A DoS attack prevents a legitimate user from accessing a resource, such as a web server. It is achieved through overusage of a shared resource, such as the following:
Overloading a line in a network
Exceeding the packet-forwarding capacity of a router
Exceeding the packet-processing capacity of a server
In general, DoS attacks are directed toward exhausting one of the following shared resources:
Bandwidth (for example, on a line)
CPU (on a network element)
Memory (on a network element)
Therefore, a DoS-resistant network must be designed such that none of the shared resources can be overloaded by a malicious user or a group of malicious users. In this section, we firstly discuss general DoS considerations, then various options to design a DoS-resistant network. The main consideration here is how a dedicated PE for VPN traffic helps increase DoS resistance. Various design options are discussed.
When large groups of legitimate users all decide to access a certain resource at the same time, and this resource has not been designed to handle that load, the effect may be similar to a DoS attack. However, the correct expression for this behavior is a flash crowd. Technically, the effect is exactly the same as a DoS attack. Flash crowds could be observed, for example, on September 11, 2001, when after the collapse of the World Trade Center in New York many people tried to access news servers.
There is no 100 percent DoS resistance.

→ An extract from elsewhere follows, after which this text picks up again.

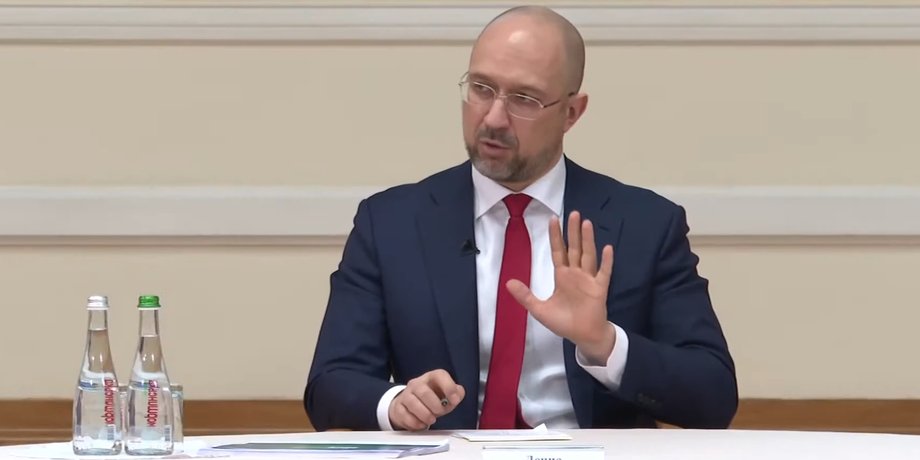 Денис Шмигаль, прес-конференція, прем'єр-міністр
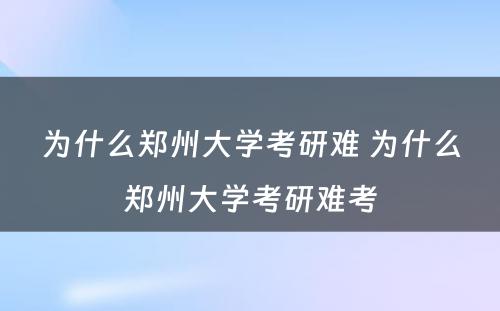 为什么郑州大学考研难 为什么郑州大学考研难考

Every solution has a maximum capacity. A network withstands a DoS attack if the attacker has less attack capacity than the network offers. A future DoS attack, however, might exceed the network capacity.
Most design principles for DoS resistance apply to any form of network and are not MPLS specific. These are in short:
Correct device positioning? Each device in a network must be able to process the maximum inbound load. On the edge of the network, routers must also be able to handle equired features at full line speed?for example, ACLs, uRPF, NetFlow, and CAR.

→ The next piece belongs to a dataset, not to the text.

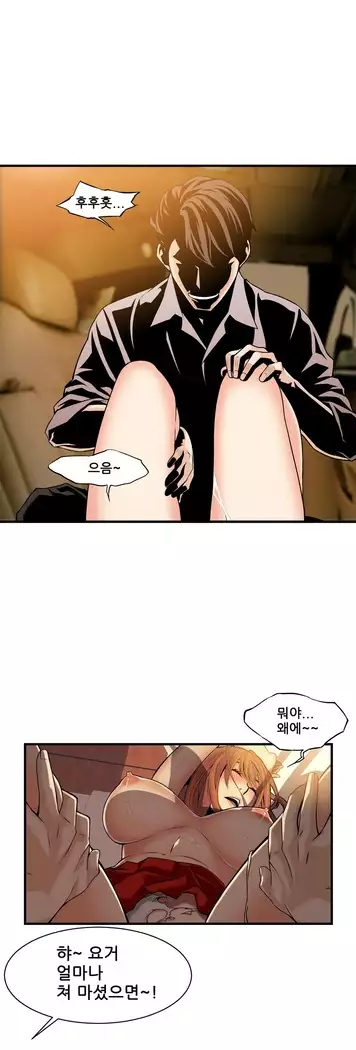 Kill the Dead Bastard Ch.0-16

Correct bandwidth planning? The lines in the network must be able to handle bursts of traffic. This can be solved in two ways: overprovisioning, where lines are designed such that they cannot be overloaded even under worst-case circumstances; and Quality-of-Service (QoS), where the bandwidth of a line might not be sufficient, but traffic is divided into classes and the important class is always serviced.
Service overprovisioning? Web services must be designed to worst-case assumptions. The content architecture with web caches, load balancers, and so on provides this overprovisioning.
Anti-DoS solutions? Every network should dispose of a DoS solution that allows detecting, analyzing, and mitigating DoS attacks. The Cisco Guard, for example, provides a mitigation device. Operational procedures to handle DoS attacks are required as well.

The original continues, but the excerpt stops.